Les entreprises remettent régulièrement en question leurs modèles d’affaires, pour se positionner sur les segments à forte « création de valeur ». Pour beaucoup, cette expression désigne les activités situées en amont de la production, comme par exemple la recherche et développement, ou en aval, comme la vente de services personnalisés. De là s’est généralisée l’idée qu’il serait bénéfique pour un pays développé de spécialiser son économie dans ces deux domaines situés aux antipodes des chaînes de valeur, autrement dit de réduire ses activités purement productives, réputées trop concurrentielles et donc à marges trop faibles.
Ainsi dans les années 1990 et 2000, différentes études portant notamment sur des produits électroniques ont « montré » que la création de valeur se situait en amont et en aval de la chaîne de valeur.

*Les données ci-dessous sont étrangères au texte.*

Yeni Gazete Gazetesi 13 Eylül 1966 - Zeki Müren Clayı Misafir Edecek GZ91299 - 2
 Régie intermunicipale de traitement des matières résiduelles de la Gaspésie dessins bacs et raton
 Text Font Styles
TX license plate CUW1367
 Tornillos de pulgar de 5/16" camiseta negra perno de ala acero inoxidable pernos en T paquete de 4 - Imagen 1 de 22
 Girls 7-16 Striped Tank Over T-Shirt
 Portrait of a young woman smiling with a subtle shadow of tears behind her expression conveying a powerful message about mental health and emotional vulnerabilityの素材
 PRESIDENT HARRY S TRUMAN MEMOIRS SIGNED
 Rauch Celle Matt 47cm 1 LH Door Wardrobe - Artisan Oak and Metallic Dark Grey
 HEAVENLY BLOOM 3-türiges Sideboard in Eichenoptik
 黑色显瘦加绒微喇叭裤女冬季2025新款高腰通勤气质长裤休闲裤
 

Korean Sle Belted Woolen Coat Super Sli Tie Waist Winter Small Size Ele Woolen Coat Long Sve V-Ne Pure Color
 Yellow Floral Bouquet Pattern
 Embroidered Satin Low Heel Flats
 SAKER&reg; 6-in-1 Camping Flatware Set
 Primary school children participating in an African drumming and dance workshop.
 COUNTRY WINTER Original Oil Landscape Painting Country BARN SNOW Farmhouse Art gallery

La courbe dite « du sourire », évoquée pour la première fois en 1992 par Stan Shih, fondateur d’Acer, a gravé cette idée dans le marbre. Cette courbe s’appuyait pourtant sur des études de cas très spécifiques ; et c’est sans argument scientifique sérieux qu’elle a été rapidement généralisée, appliquée à toutes sortes d’entreprises voire à des pays entiers.
Nous déterminons, sur la base des dernières données disponibles, où est créée la valeur en France et en Europe. Il en ressort la distinction importante suivante. La valeur créée par travailleur est en effet plus forte en amont et en aval de la production. Mais les effectifs concernés sont tellement différents que, sur l’ensemble du territoire national, l’activité de fabrication est de loin la première source de valeur totale. Cela est vrai aussi bien en France que dans les pays européens comparables et vaut tant pour les chaînes de valeur manufacturières que pour les industries de services. Toutes fonctions confondues, la valeur créée par travailleur est légèrement supérieure en France qu’en Allemagne. Un travailleur allemand crée plus de valeur que son homologue français au sein des étapes situées en amont : la conception et la R&D. La travailleur français crée davantage de valeur dans les étapes situées en aval : le marketing et la distribution.